Exercise objective: How many lines of these entries hold the string "Road"? Answer with the number alone.

=== Section Start ===

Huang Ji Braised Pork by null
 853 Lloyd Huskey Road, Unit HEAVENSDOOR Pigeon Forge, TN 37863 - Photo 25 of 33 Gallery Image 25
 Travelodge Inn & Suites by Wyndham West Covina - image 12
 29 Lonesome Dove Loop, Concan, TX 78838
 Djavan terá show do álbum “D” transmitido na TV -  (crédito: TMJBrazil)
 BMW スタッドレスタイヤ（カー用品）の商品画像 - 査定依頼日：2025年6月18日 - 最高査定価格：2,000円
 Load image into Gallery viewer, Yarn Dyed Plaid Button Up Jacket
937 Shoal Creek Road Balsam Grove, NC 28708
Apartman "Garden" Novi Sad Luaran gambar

=== Section End ===

Solution to this problem: 2